If there was a problem, people approached us (or we approached them), we hopped into a meeting room and solved the issue. We knew what our teams were doing. For lunch, we grabbed our colleagues and our biggest problem was if we wanted to go for Asian or Italian food. These times are over. Suddenly, from one day to the next, we are confined to the walls of our home office spaces. Our spouses and kids are screaming for our attention, our wireless connection is stuttering, and our apps are quitting on us due to heavy use. On top of that, we fear for our loved ones and don’t know how severely the economic aftermath will hit us. In this scenario, our bosses still expect us to lead our teams and deliver exceptional results. That’s a challenge.
I fully understand you, because I am in exactly the same situation. I also fear for my loved ones and my economic existence. However, for me as an Agile Leader, the general perception of the world is that it is volatile and uncertain. Also, I believe “black swan” events  (events nobody believes to be possible until they happen) to be the norm rather than the exception. We just don’t know what they will be and when they will happen. What we all experience at the moment is Volatility, Uncertainty, Complexity and Ambiguity. Have you already heard of those four words? Take the initial letters and you get VUCA. VUCA is an acronym coined by the U.S. Army War College around 1987
From an Agile point of view, we have been living in a VUCA-world for quite some time already.
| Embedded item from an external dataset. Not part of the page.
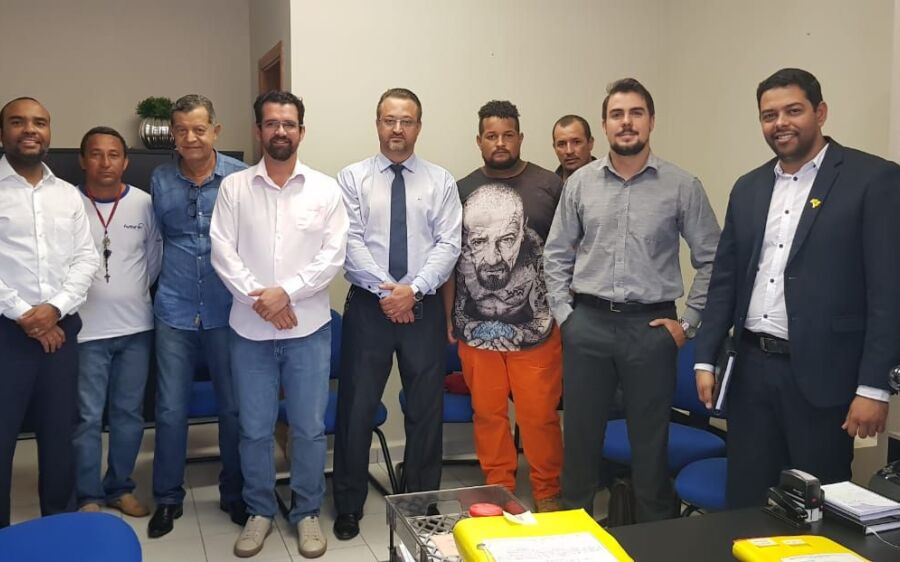 Vladimir Ferreira propõe  implantação de coleta de lixo no período noturno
It’s just that now, in the middle of a black swan event, everybody realizes it.
The ones – people and businesses - who learn to deal with it will thrive. The ones who don’t will plummet and go out of the market. This means, you as a leader are needed now. The skills to deal with uncertainty are useful far beyond the Corona crisis.
Some Leaders are panicking. Don’t. Stay calm. Our families and teams are looking up to us. They will follow our example. If we can keep a cool head, they have a fair chance to mimic this. In times like these, people need stability. When everything else is volatile, we as their leaders have to be the pillar of strength and stability for them. This can be achieved through us acting as role models, and also through routines, processes and clear goals. If we act mindless, our teams might fall apart or suffer mental stress beyond necessity.
In order to keep mental stress from them, we need to be relaxed ourselves. Use meditation techniques and don’t forget to exercise, that’s helpful for serenity. Let’s also keep in mind that, while we don’t know what will happen tomorrow, we do know what we can do today.
Some leaders, especially those who are panicking, are either not deciding anything at all, or going into a decision-frenzy that calls for a new direction twice a day. Neither is helpful, even though understandable. We can spot this in the animal world: When threatened, some animals feign death. They just fall over and won’t move an inch, no matter how close the predator comes. Others run as fast as they can, darting sideways or zigzagging in order to get away. Others turn around and fight. Human beings act in similar ways, when in fear. I want us to belong to the last group. I want us to fight, instead of freezing or fleeing.